La structure de Les Sœurs est une machine narrative d’une complexité admirable, qui incarne physiquement la nature fuyante du souvenir. Le roman est divisé en sept “livres” dont la temporalité se contracte à mesure que le récit avance : un an, six mois, trois mois, jusqu’à un jour, et enfin, une minute. Cette accélération vertigineuse elle transforme le temps en une matière plastique, tangible, donnant au lecteur la sensation d’une existence qui, en se rapprochant de son terme, se densifie en instants critiques. La voix narrative, portée par Jonas, un écrivain miroir de l’auteur, est elle-même une entité fracturée. Son projet de reconstituer la trajectoire des trois sœurs Mikkola – Ina, Evelyn et Anastasia – se heurte constamment aux trous noirs de sa propre mémoire et à la question éthique de son regard. Est-il un archéologue bienveillant ou un pilleur d’histoires ? Cette tension est au cœur du livre. Le narrateur, en cherchant à comprendre le lien qui l’unit à ces femmes et à son propre père, figure aussi énigmatique qu’écrasante, révèle les mécanismes de l’autofiction : comment l’écriture se nourrit de la vie des autres, la transforme, et peut-être, la trahit. Le style polyphonique du roman, où se mêlent les voix, les langues et les perspectives, compose une mosaïque où le code-switching agit comme une politique de la voix, révélant les intimités, les distances et les fractures d’une identité diasporique.

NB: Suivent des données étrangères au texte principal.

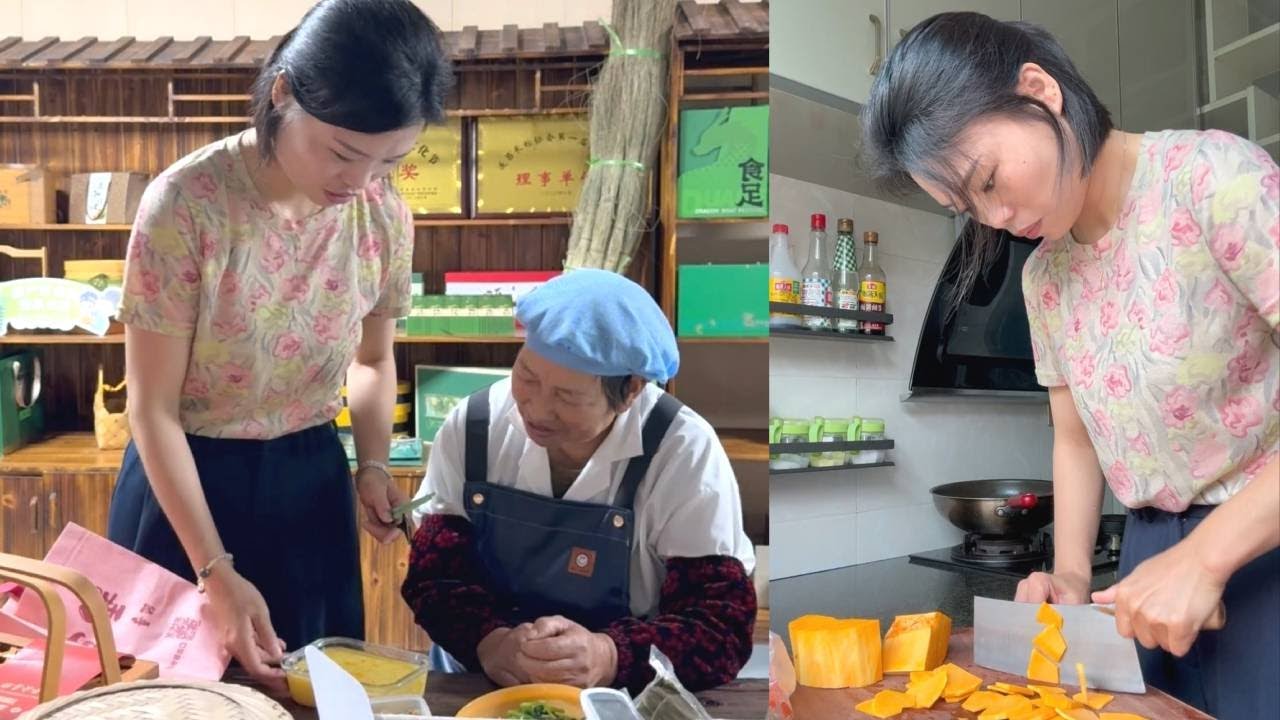 Cousin-in-law hasn’t been feeling well lately, I made her some millet porridge and brought it over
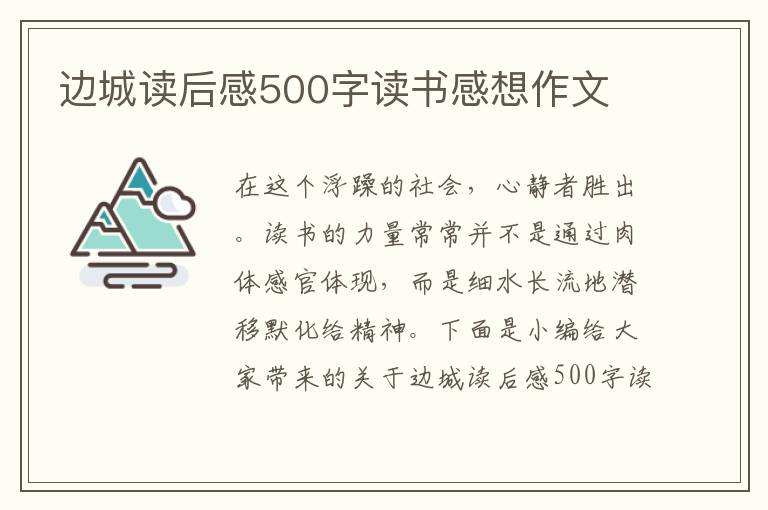 邊城讀后感500字讀書感想作文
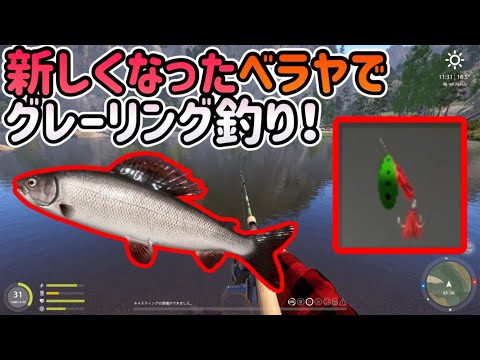 Russian Fishing 4 新しくなったベラヤ川でグレーリング釣り！🎣　神龍のまったりロシアンフィッシング4実況。　PART5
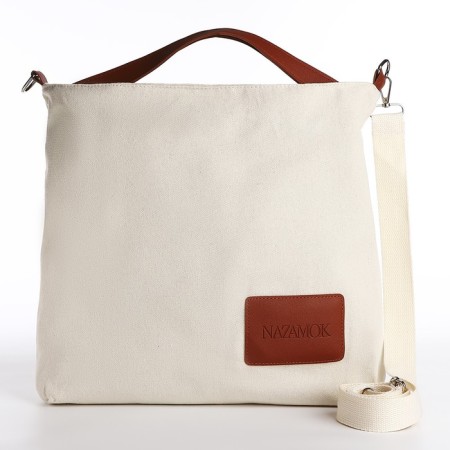 Tekstil core NK, 40x35x10 cm, lightning department, beige color-1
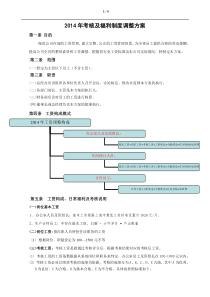 关于公司2014年考核及福利调整方案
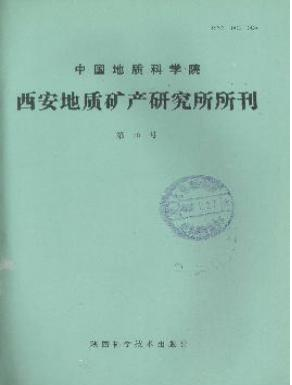 河北省地質(zhì)高級(jí)工程師職稱評(píng)定條件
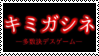 kimi ga shine stamp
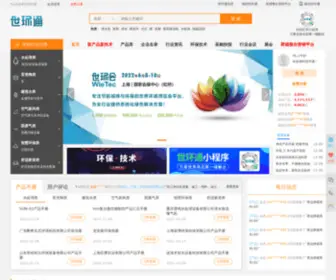 Shihuantong.com(世环通) Screenshot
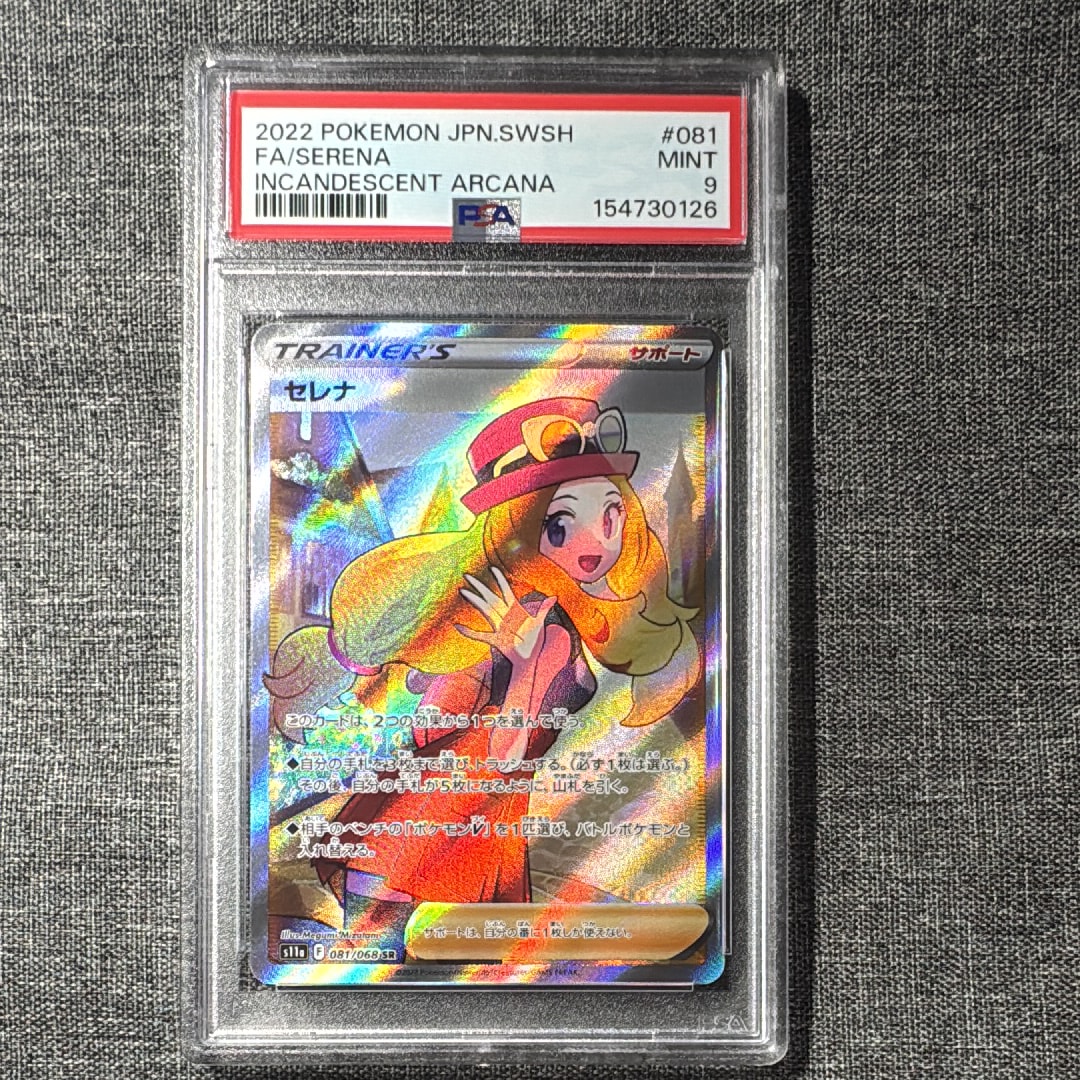 ビクティニ P [SV-P 288](プロモーションカード「ビクティニBWR争奪戦
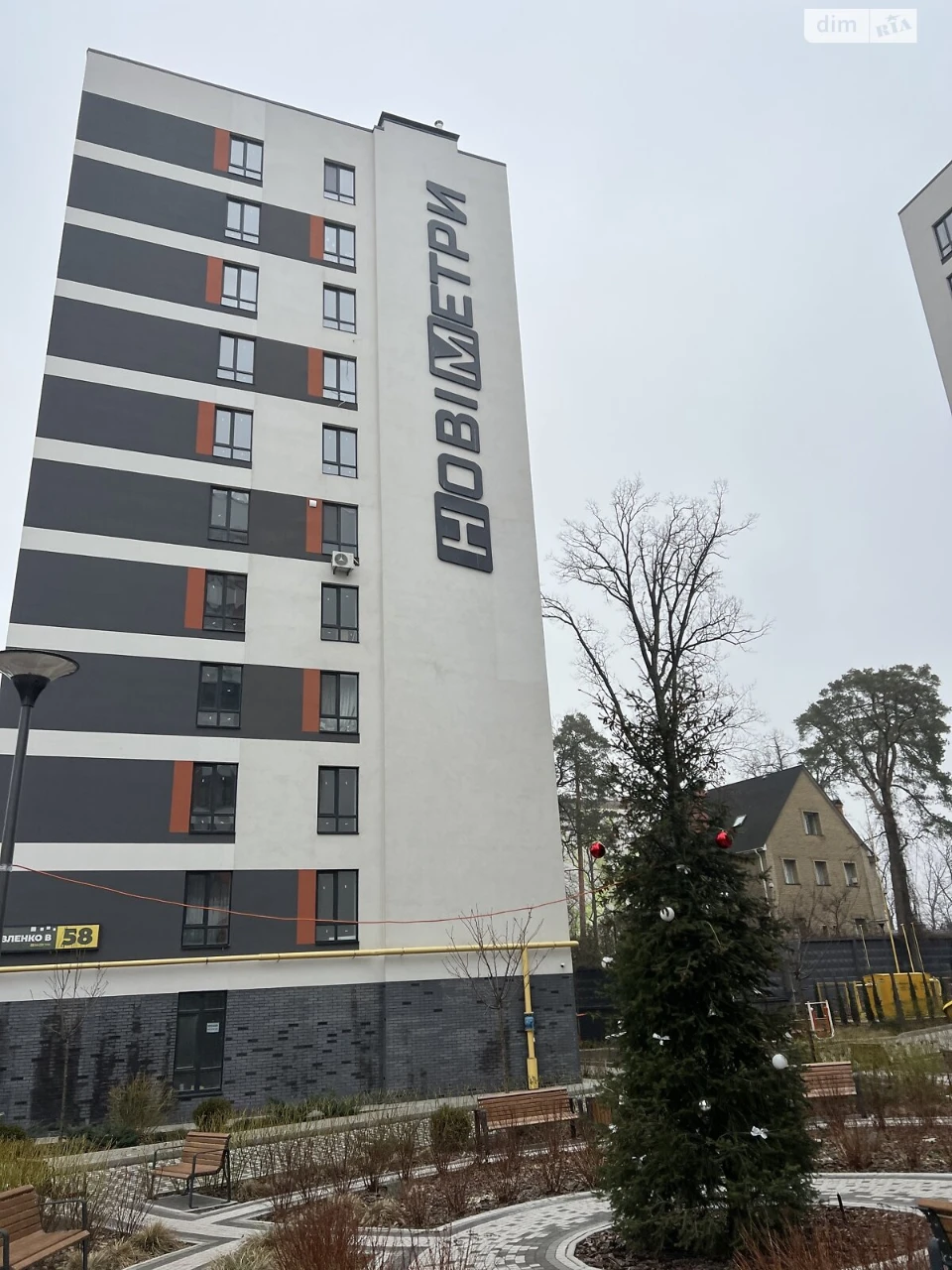 Apartment for Sale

Le poids des traumatismes familiaux

Au centre du récit palpite le motif de la malédiction : “Tout ce que vous aimez, vous le perdrez”. Jonas Hassen Khemiri en fait moins un ressort fantastique qu’une grammaire psychologique, une économie intime du risque et du deuil. Pour les sœurs Mikkola, cette phrase devient le prisme à travers lequel elles perçoivent le monde, une prophétie auto-réalisatrice qui conditionne leurs attachements et leurs renoncements. C’est une manière de nommer l’innommable, de donner une forme au chaos des traumatismes familiaux, de la migration, de la perte du père. Cette malédiction devient une forme de lucidité tragique, comme le formule Evelyn avec une forme de défi bravache, en passant à l’anglais comme pour mieux tenir à distance la douleur : “ok, tu peux dire à tout le monde […] qu’on est spéciales parce qu’une malédiction ultra-puissante pèse sur nous qui dit que tout ce qu’on aime nous sera retiré, et malgré cette malédiction, on est toujours là !” Cette posture de résistance face au destin est ce qui confère au roman sa portée politique. L’histoire des sœurs Mikkola est aussi celle de ceux qui doivent composer avec un héritage fragmenté, qui se sentent à la fois d’ici et d’ailleurs, ou de nulle part. C’est un roman profondément ancré dans les questionnements contemporains sur l’appartenance et la mobilité sociale, qui explore la manière dont les trajectoires individuelles sont façonnées par les forces collectives de l’histoire, du genre et de la classe. La narration elle-même, avec ses allers-retours, ses fausses pistes, ses révélations tardives, devient une métaphore de cette quête d’identité, comme le confie une amie du narrateur : “Je suis flattée qu’elle soit si curieuse, lui sourit Ina. Elle était à deux doigts de te demander de lire à haute voix ton journal intime, dit Hector.

La fin de Les Sœurs est une porte qui ne se referme pas tout à fait, laissant filtrer les courants d’air de l’inachèvement et l’infini des possibles. Si la disparition des sœurs agit comme une prophétie tout au long du récit, la narration elle-même devient l’acte de résistance qui la tient en échec. Jonas Hassen Khemiri ne nous offre pas de réponses ; il nous laisse avec des traces, des voix qui continuent de résonner, des présences spectrales qui habitent désormais notre propre mémoire de lecteur. Le livre refermé, la recherche du narrateur continue en nous. C’est la preuve la plus vibrante que le seul véritable antidote à l’effacement est peut-être de continuer à raconter. Comme le suggère l’exergue de Toni Morrison, “Si l’on s’abandonne à l’air, on peut le chevaucher“. Les Sœurs est une invitation à cet abandon, à ce vol plané au-dessus des ruines du temps, là où la littérature, obstinément, fabrique de la vie.